A National Plastic Tax Disproportionately Hurts the Poor

The WasteWatcher

The Build Back Better Act (BBBA), which passed the House by a narrow 220-213 vote, is now in the hands of the Senate, which will amend the bill and send it back to the House.  The timing is unclear, although Senate Majority Leader Chuck Schumer (D-N.Y.) would like to get it done before Christmas.  The BBBA has a $1.75 trillion price tag (its true cost is as much as $4.8 trillion) and it is full of massive government waste and payouts to special interests.

This bill is not only costly, but it will also dramatically stifle innovation. The BBBA has about $555 billion, or 31 percent of its cost, for draconian initiatives straight out of the Green New Deal; includes government price controls on innovative drugs; and regressive nicotine and natural gas taxes that break President Biden’s pledge to not tax people with household incomes below $400,000 and they will also disproportionately impact low income households.

The original House bill contained another regressive tax in the form of a national plastic tax.  Fortunately, those provisions were stripped from the final version that passed the House.  There would have been a tax of $.20 per pound on “virgin plastic,” which is any plastic product that was not previously recycled and is produced with oil.  This tax would have imposed an estimated $120 billion in costs to consumers by increasing the price of plastic materials by up to 26 percent.

This tax mimics Sen. Sheldon Whitehouse’s (D-R.I.) bill, S. 2645, the REDUCE Act.  S. 2645 would impose a similar $.20 per pound tax by 2025 on any virgin plastic resin and the tax would be adjusted to increase with inflation, making it permanent.

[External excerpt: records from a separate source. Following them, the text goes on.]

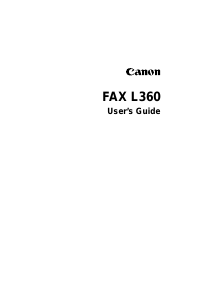 Handleiding Canon FAX-L360 Faxapparaat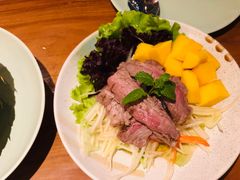 芒果牛肉沙拉-mango tree芒果树泰国餐厅(青岛万象城店)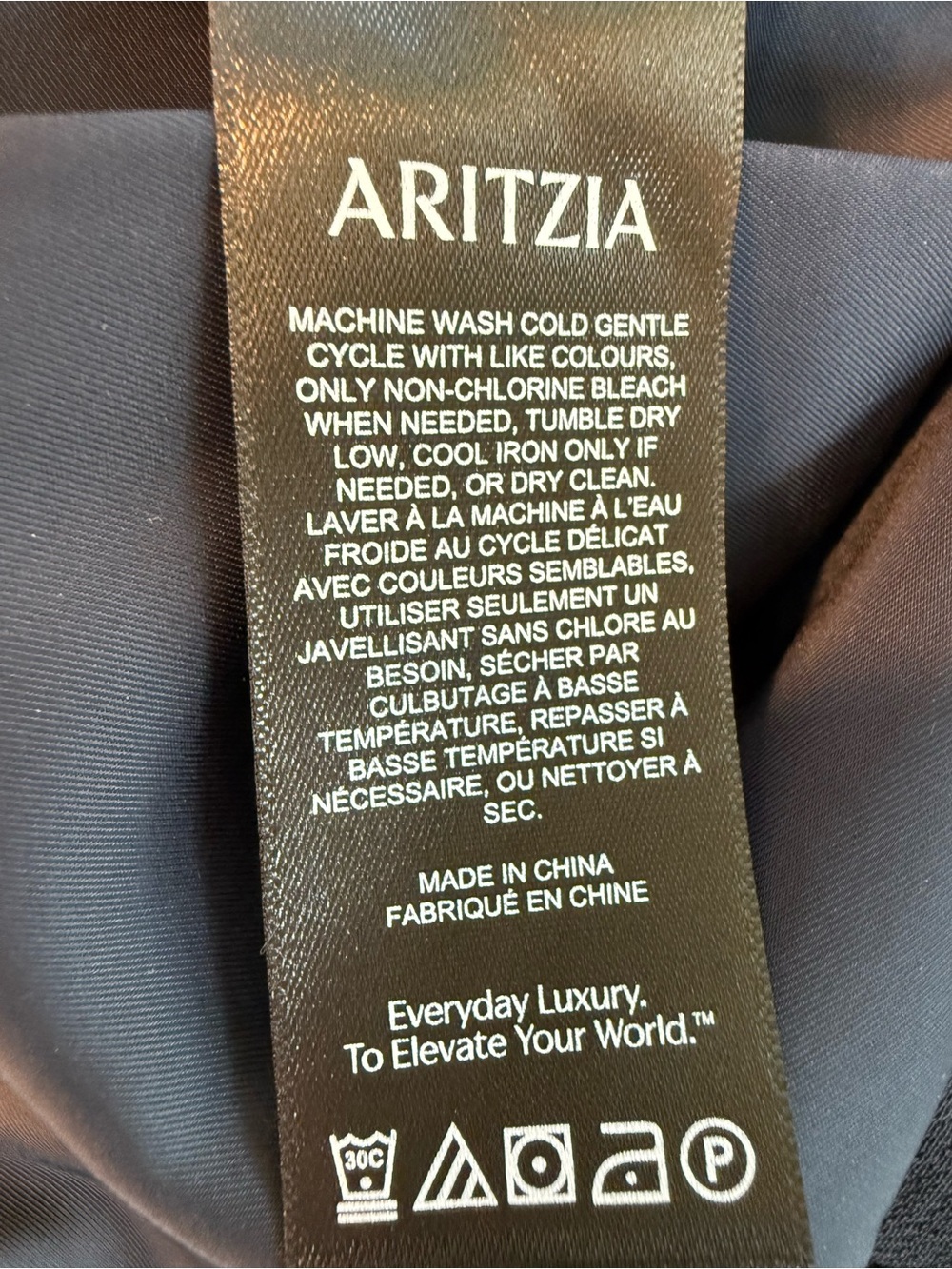 Aritzia Wilfred Classic Mini Skirt Navy High Rise NWT Size 8 - Picture 9 of 10
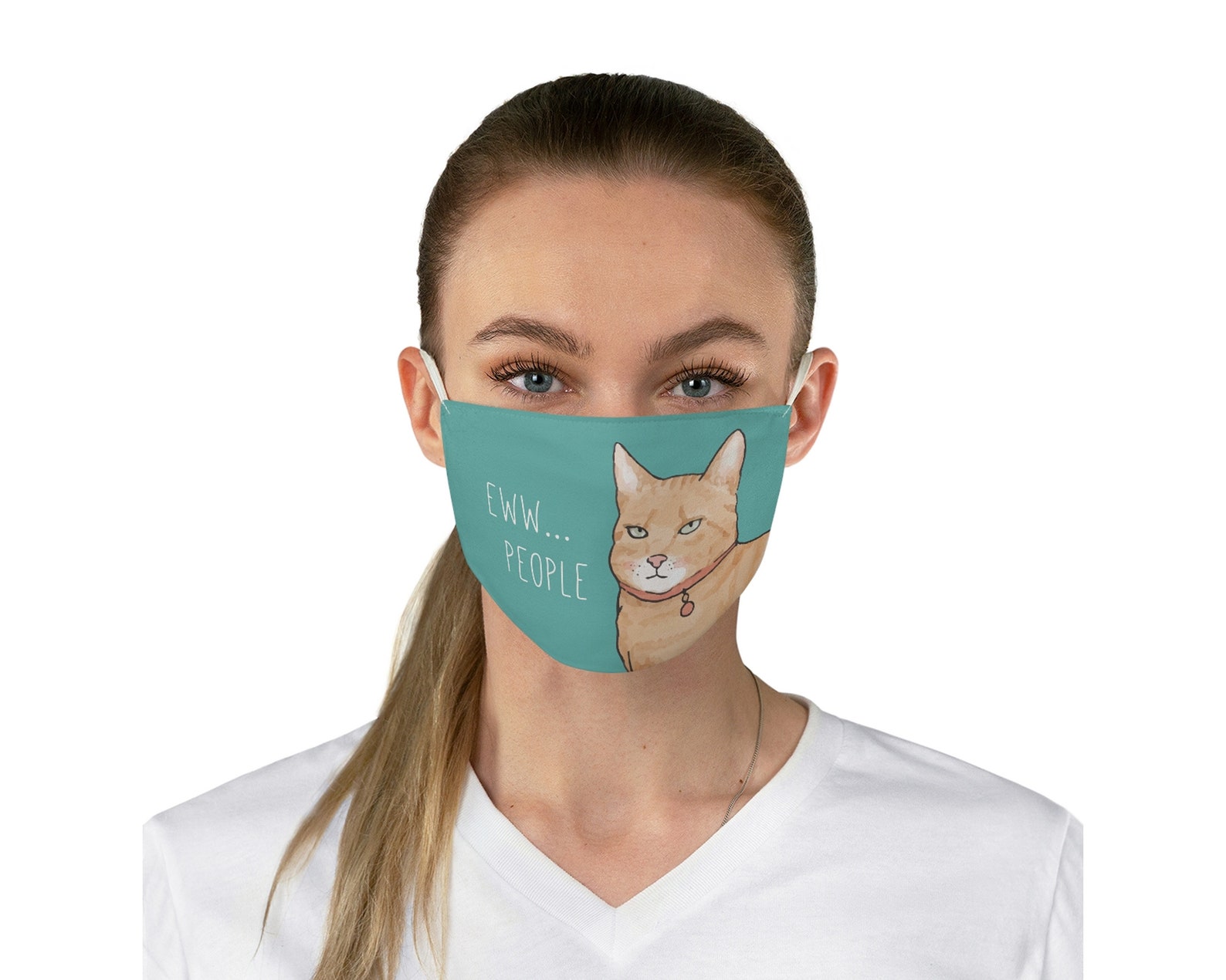 Eww People Face Mask Funny Cat Face Mask Funny Mask Cat Etsy
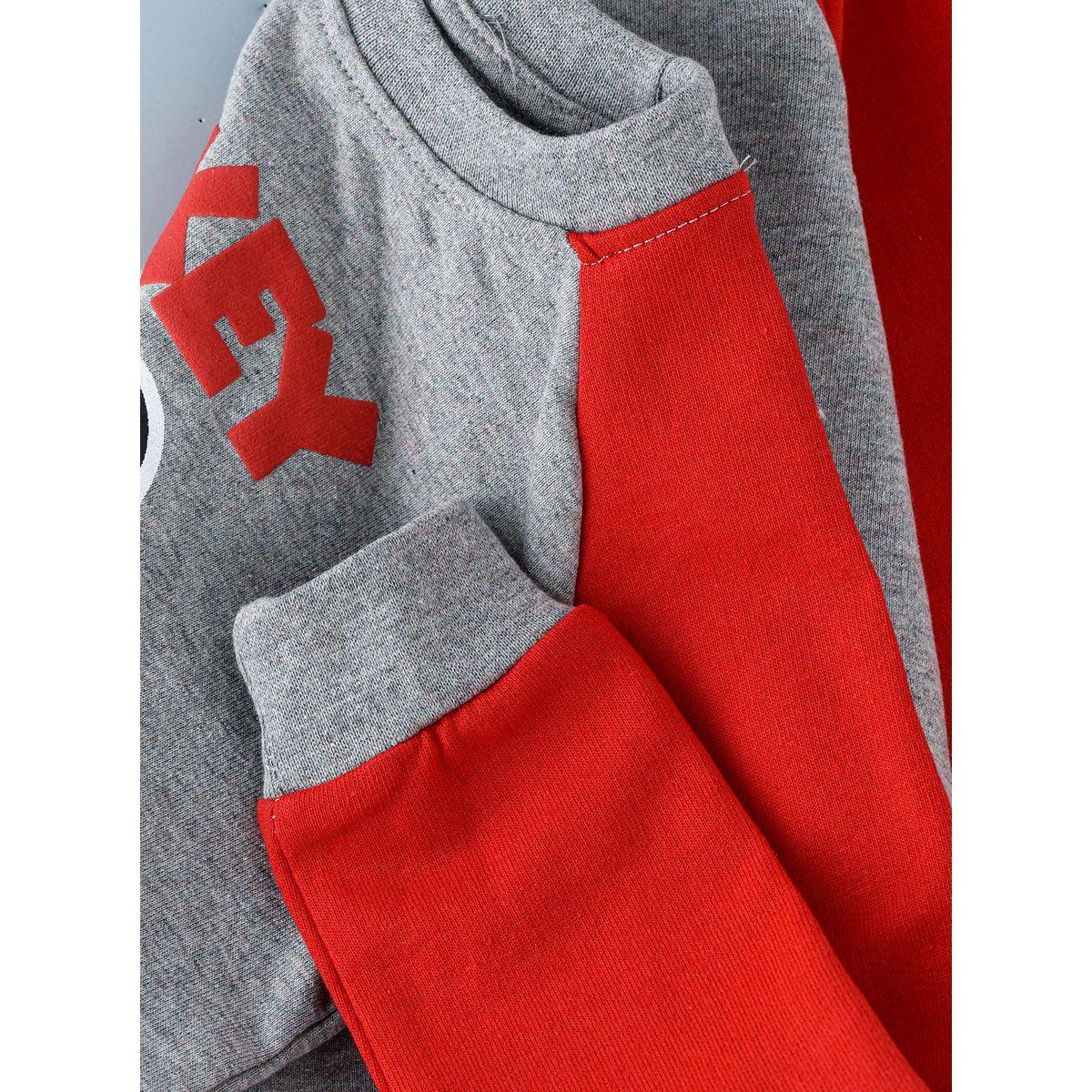 Disney Mickey Mouse Print Colorblock Sweatshirt-boys-clothing-winterwear-sweatshirts-image-4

If Congress included this tax in the BBBA or in other legislation currently being considered, it would disproportionally affect the poor.  Today, 45 percent of Americans say they are suffering financial hardships due to high inflation. Burdening the American people with another tax, along with the new spending in the BBBA, will only make matters worse.

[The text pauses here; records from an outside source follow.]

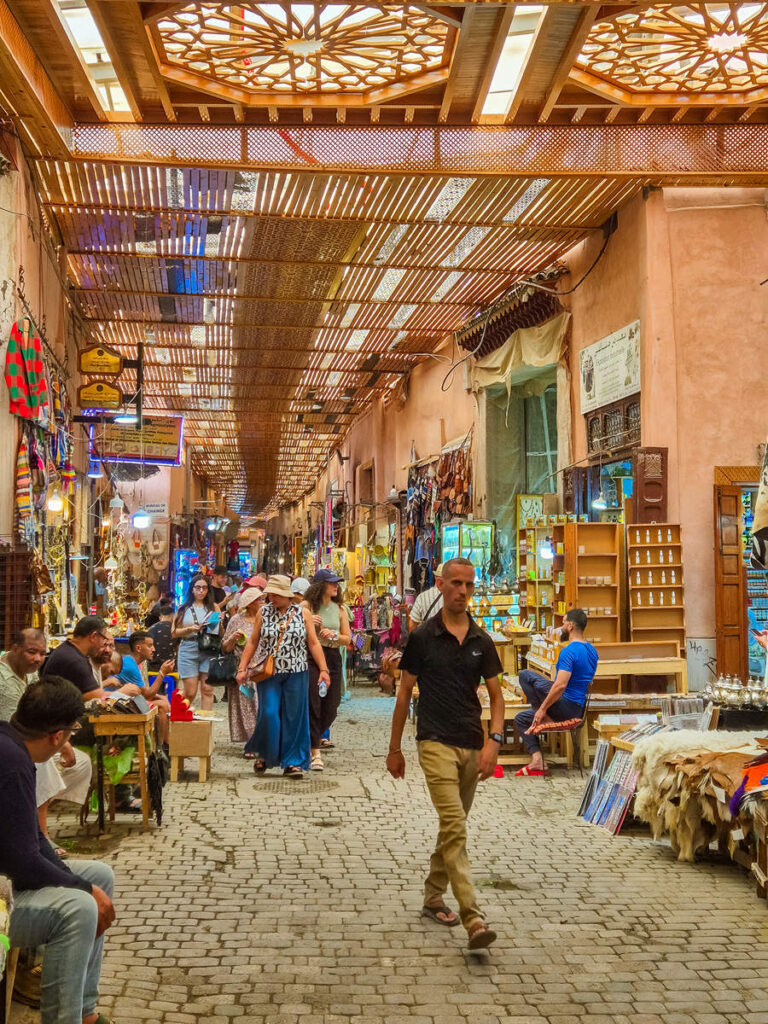 Souk der Medina von Marrakesch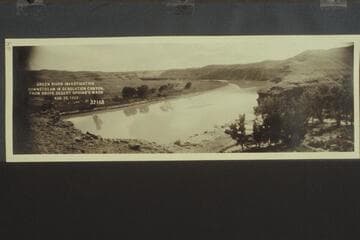Green River Investigation: Downstream in Desolation Canyon, from above Desert Springs Wash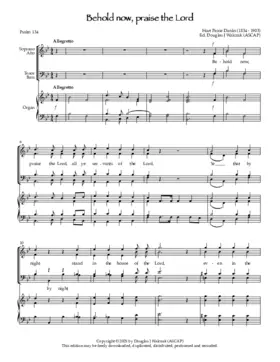 Behold now, praise the Lord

Even though the original tax in the BBBA was sold as a tax focused on sustainability, the tax on plastic would be used to fund unrelated government programs.  It would favor foreign plastic imports and unfairly punish U.S. production, meaning fewer jobs and a step backward for the U.S. economy.  The Senate should not add the plastic tax back into its version of the BBBA.

Rather than imposing a regressive tax on plastic products, Congress should adopt America’s Plastic Makers 5 fundamental principles to eliminate plastic waste and improve sustainability.  They include requiring plastic packaging to have at least 30 percent recycled plastic by 2030; increasing advanced and mechanical recycling; developing national recycling standards for plastics; reviewing greenhouse gas emissions from all materials; and increasing producer responsibility for recycling access and collection for all materials, including plastics.

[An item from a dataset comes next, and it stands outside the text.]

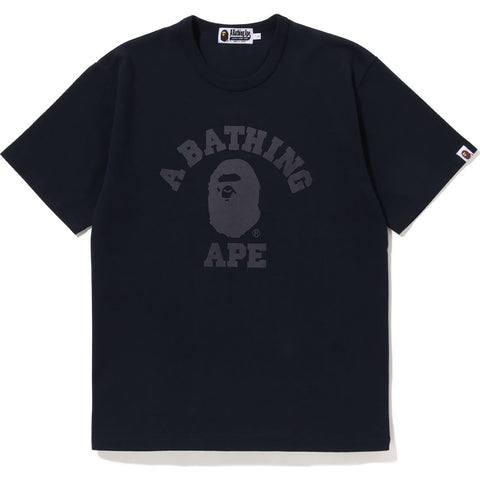 COLLEGE HEAVY WEIGHT TEE MENS | us.bape.com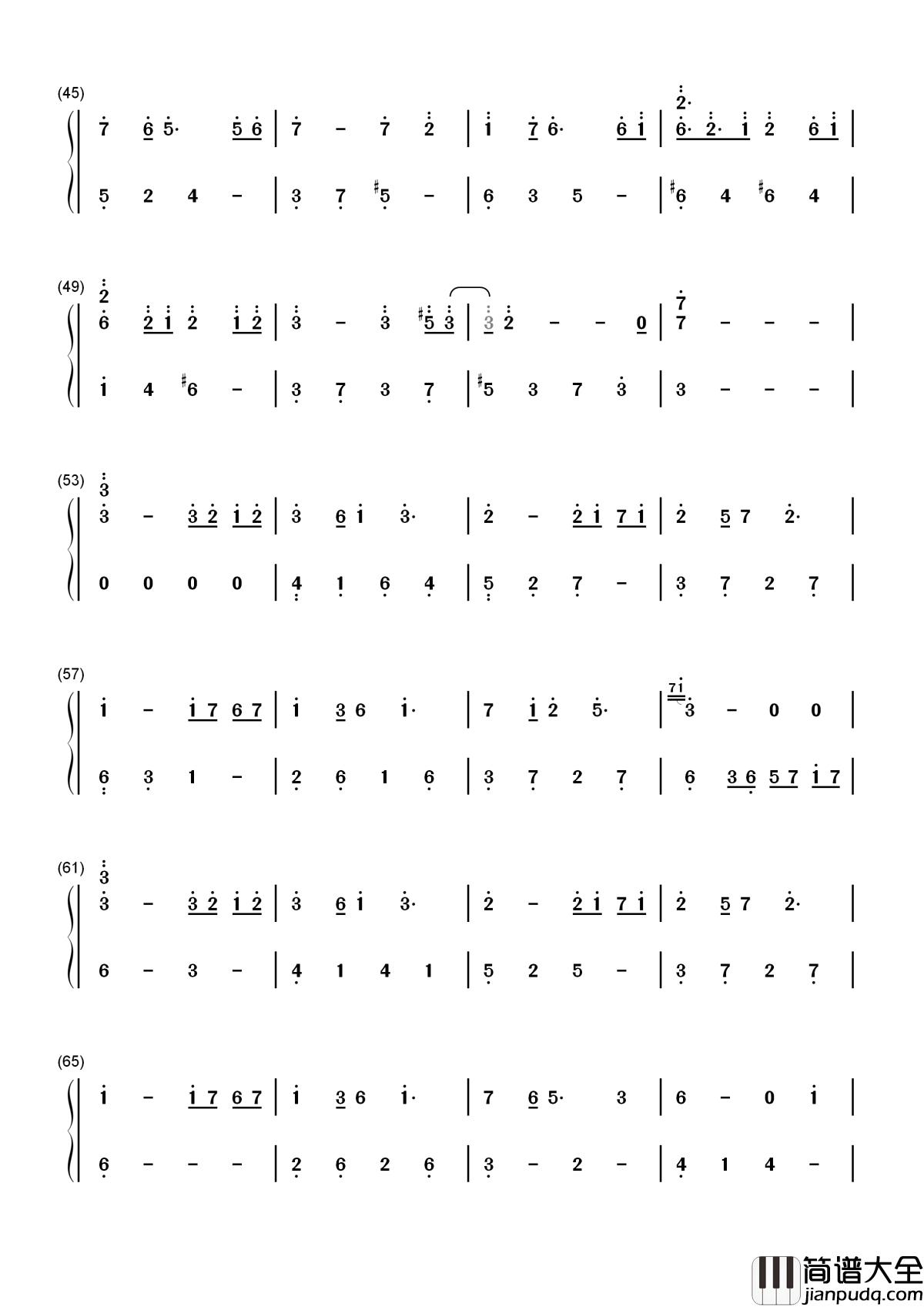 我的一个道姑朋友简谱_双笙_而你撑伞拥我入怀中一字一句誓言多珍重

A tax on plastics will increase the cost of food and everyday products, contribute to inflation, and may even increase the price for sustainable products like batteries used in electric cars. Congress must avoid passing any taxes that will result in higher prices for consumers.  Low-income earners are suffering in the Biden economy and passing a plastic tax will further exacerbate their financial problems.